In this paper, we propose a spectrum sharing protocol for cognitive radio networks with an energy-constraint primary transmitter (PT), which performs energy harvesting from the received radio frequency (RF) signals broadcasting by two secondary users (SUs). After the amount of harvested energy at the PT is sufficient for data transmission, a SU will cooperatively forward PT's signal using amplify-and-forward (AF) scheme along with transmitting its own signal to increase the spectrum efficiency of the system. To be specific, the data transmission block can be divided into two phases. During the first phase, the PT will optimally select a relay from nodes S1 and S2 in order to further improve the overall throughput, then the PT transmits primary signal to the selected SU and primary receiver (PR), respectively, while the non-selected SU transmits signal to secondary receiver (SR). In the second phase, the selected SU transmits signals of both the primary and secondary systems simultaneously. A discrete Markov chain is used to simulate the charging and discharging processes of the PT's battery. In order to avoid mutual interference between the primary and secondary systems, a fraction of spectrum is used to transmit primary data and the residual spectrum is served for data transmission of the secondary system. An appropriate bandpass filter (BF) is deployed at the receive front-end of each receiver to extract the desired signals from assigned bandwidth. Based on this, the exact expressions of the outage probabilities for both the primary and secondary systems are derived. Moreover, the optimal bandwidth allocation coefficient is determined by utilizing convex optimization to maximize the achievable rate of the secondary system while guaranteeing the achievable rate of the secondary system in information transmission mode. Numerical results show that the proposed spectrum sharing protocol outperforms to other scheme and non-cooperative scenario in terms of average spectrum efficiency.

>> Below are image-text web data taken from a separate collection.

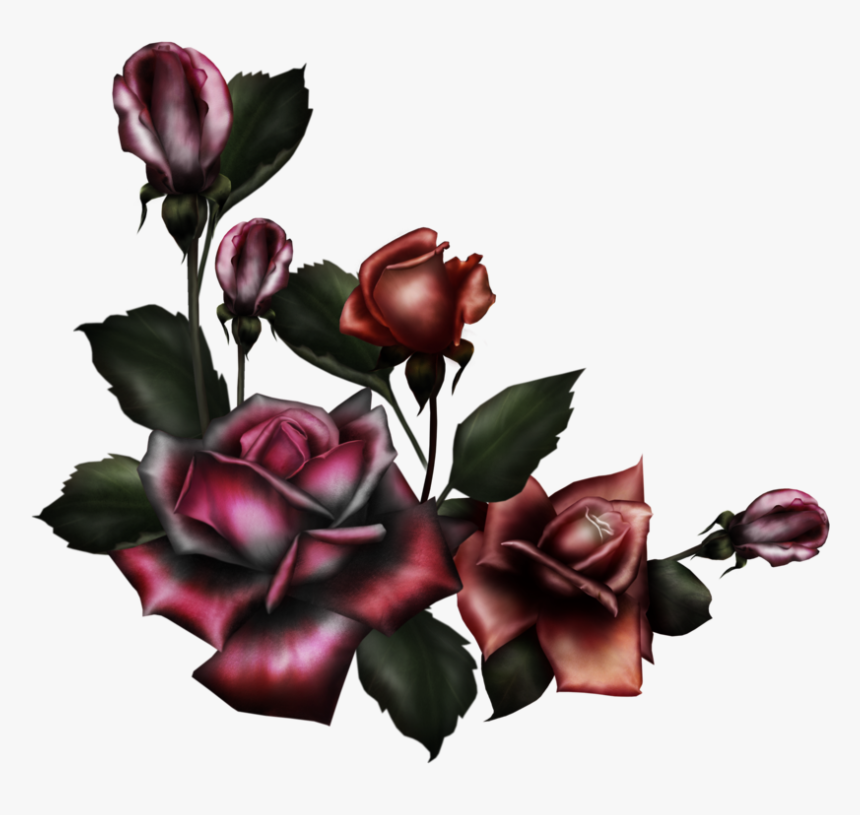 Gothic Flower Border Design - Gothic Roses Png, Transparent Png, Free Download
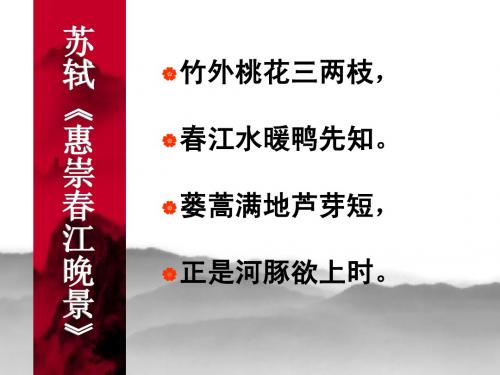生物指示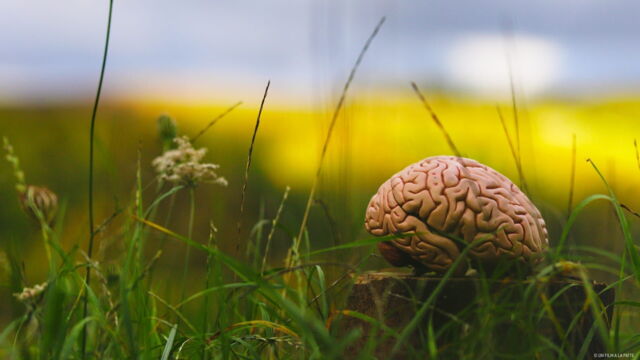 Vignette du programme télé Climat : mon cerveau fait l'autruche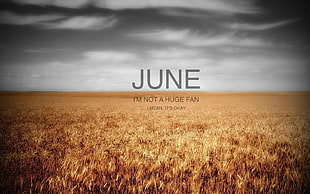 brown field, landscape, June, photography, quote HD wallpaper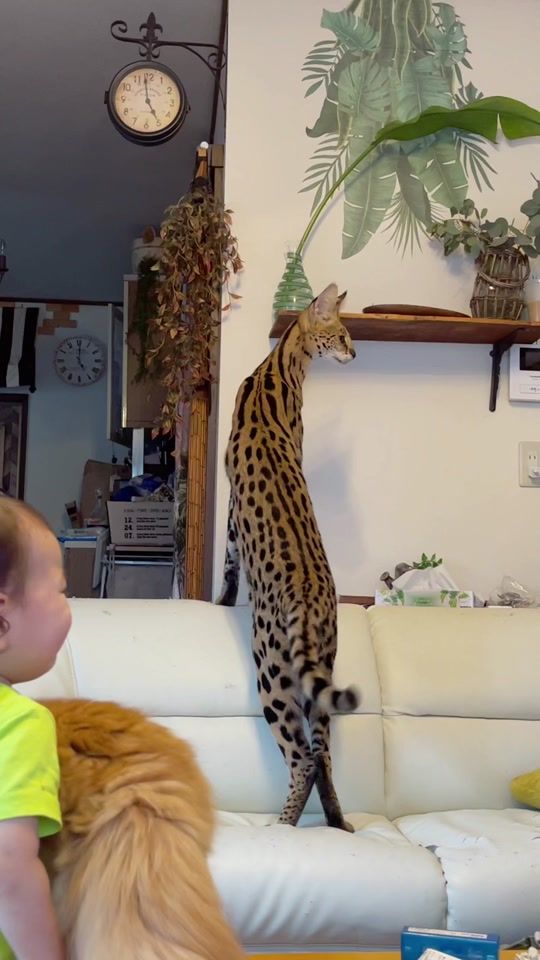 TikTok video thumbnail by monkey.cat39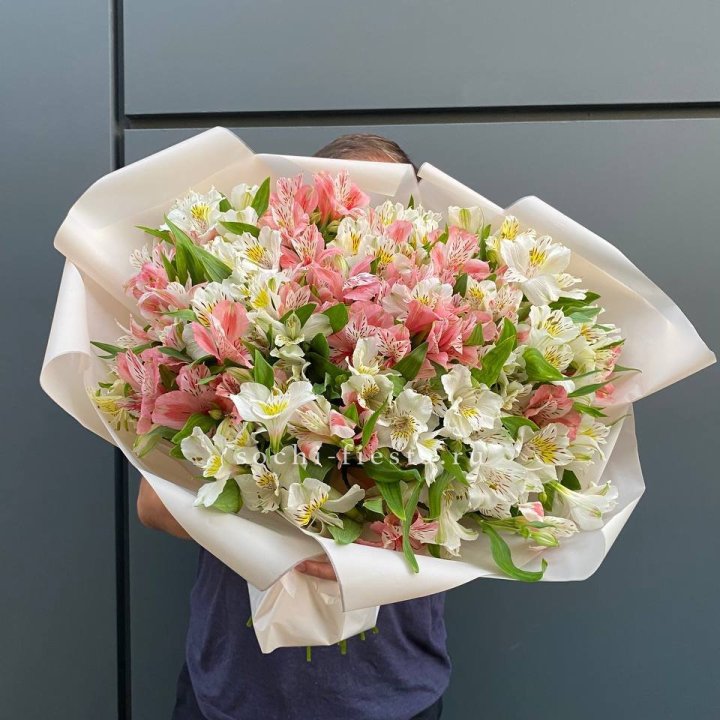 39 альстромерий в Ульяновске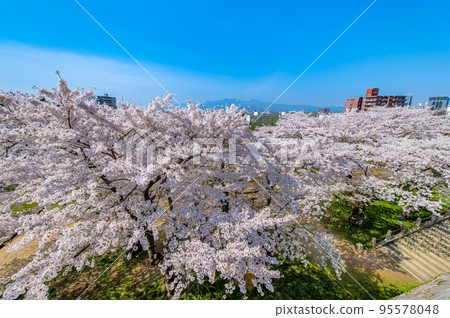 Morioka Castle Ruins Park with cherry blossoms in full bloom, Iwate Prefecture Morioka Castle Ruins Park with cherry blossoms in full bloom, Iwate Prefecture 95578048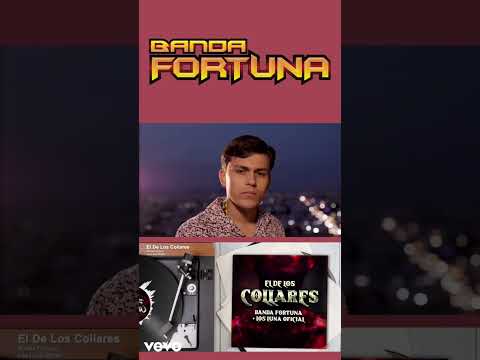 El De Los Collares - Banda Fortuna Y Los Luna DETRÁS DE CÁMARAS Parte 3 #music #shorts #shortvideo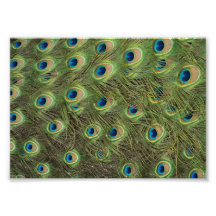 Peacock Feathers Pattern Photograph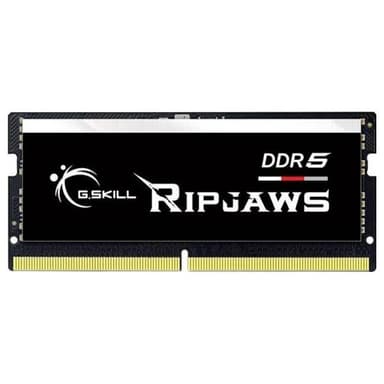 G.SKILL 32GX1-RS 1.2 32GB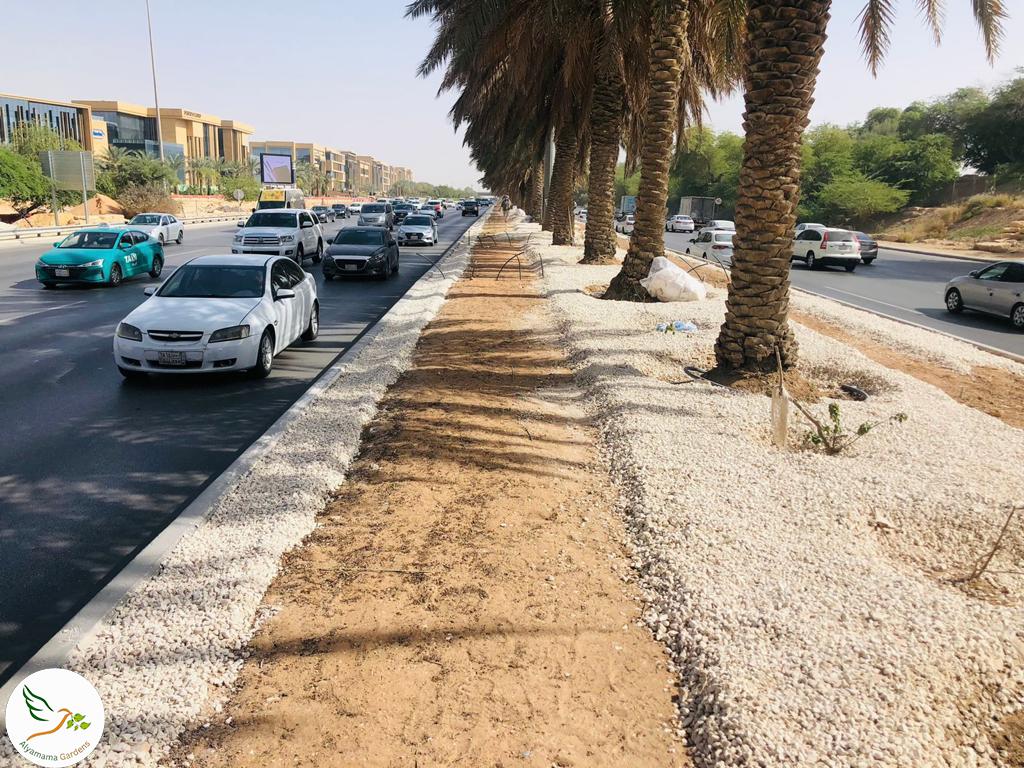 WhatsApp Image 2025-07-18 at 10.17.03 PM (1)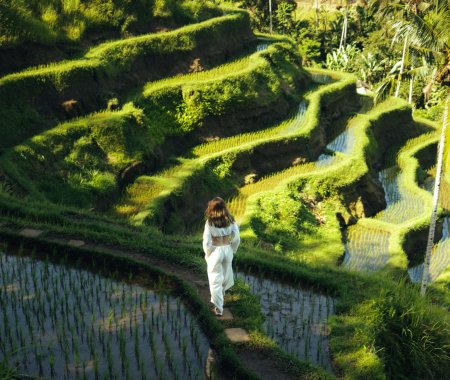 trekking nature rice fields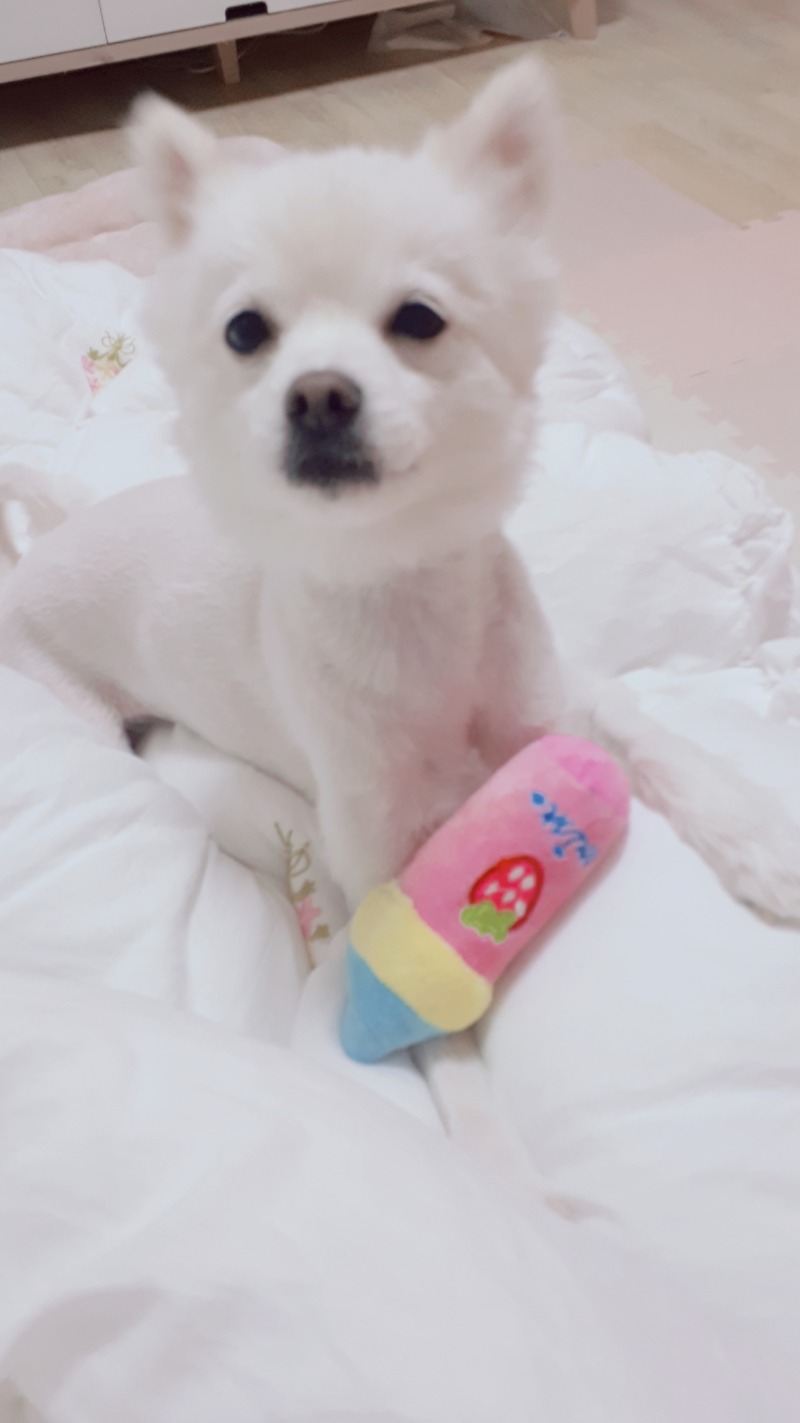 두치 6살때♡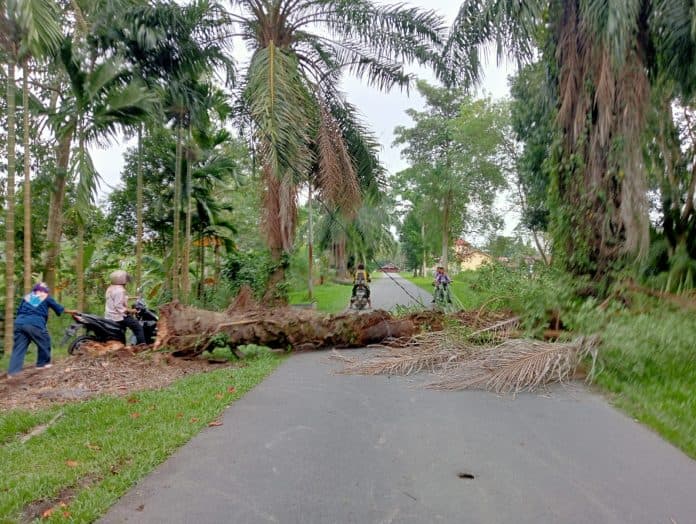 pohon_sawit_tumbang_nyaris_menimpa_pengendara_sepeda_motor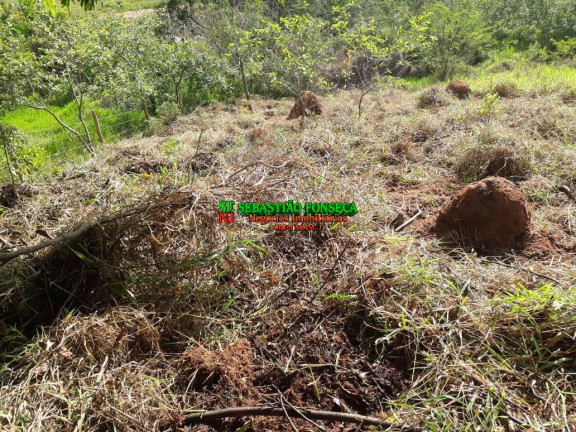 Imagem Chácara à Venda, 750 m² em Sob. Consulta - Paraibuna Imagem Chácara à Venda, 750 m² em Sob. Consulta - Paraibuna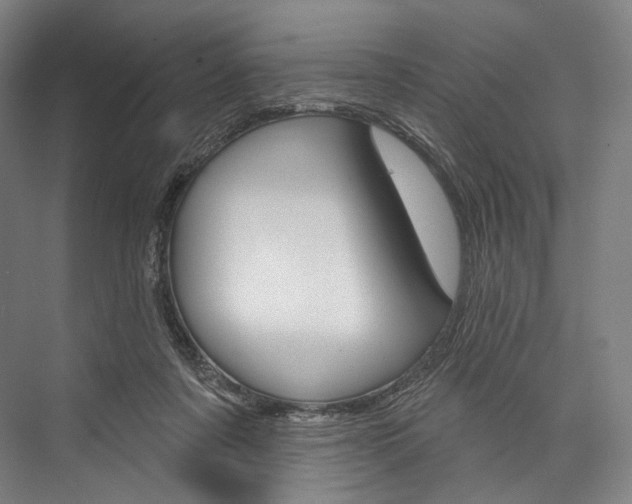 X0000076440311200610061032
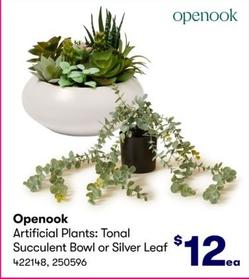 Openook - Artificial Plants: Tonal Succulent Bowl Or Silver Leaf offers at $12 in BIG W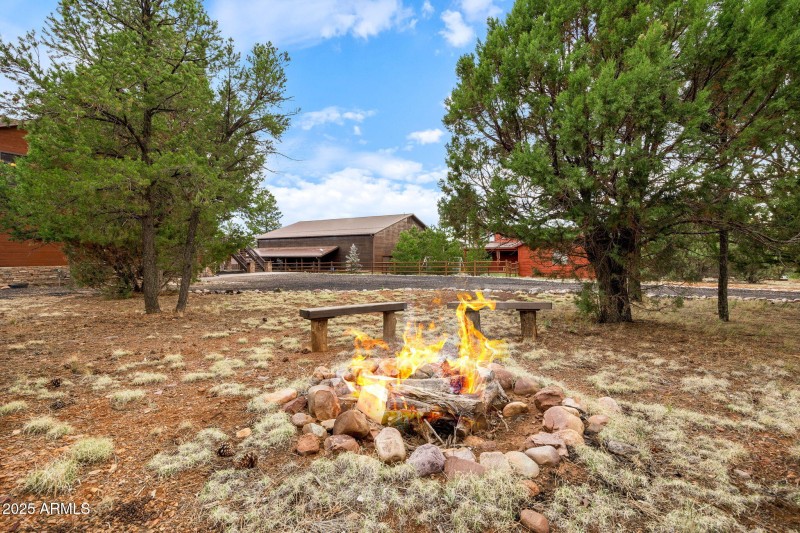 2271LIndberghRd-Overgaard-AZ-5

在本文中，我们提出了一种具有能量约束主发射机（PT）的认知无线电网络的频谱共享协议，该协议从两个次要用户（SU）广播的接收射频（RF）信号中进行能量收集。在PT处收集到的能量足以用于数据传输之后，SU将使用放大转发（AF）方案协同传输PT的信号，同时传输自己的信号以提高系统的频谱效率。具体而言，数据传输块可以分为两个阶段。在第一阶段，PT将从节点S1和S2中最佳选择一个中继，以进一步提高整体吞吐量，然后PT分别将主信号发送到所选的SU和主接收器（PR），未选择的SU将信号发送到辅助接收器（SR）。在第二阶段，所选择的SU同时发送一次系统和二次系统的信号。离散马尔可夫链用于模拟PT电池的充电和放电过程。为了避免初级和次级系统之间的相互干扰，频谱的一部分用于传输初级数据，而剩余频谱用于次级系统的数据传输。在每个接收器的接收前端部署一个适当的带通滤波器（BF），以从分配的带宽中提取所需的信号。基于此，导出了主系统和次系统的停机概率的精确表达式。而且，最优带宽分配系数是通过利用凸优化来最大化二次系统的可实现速率，同时保证信息传输模式下二次系统的可实现速率来确定的。数值结果表明，提出的频谱共享协议在平均频谱效率方面优于其他方案和非合作方案。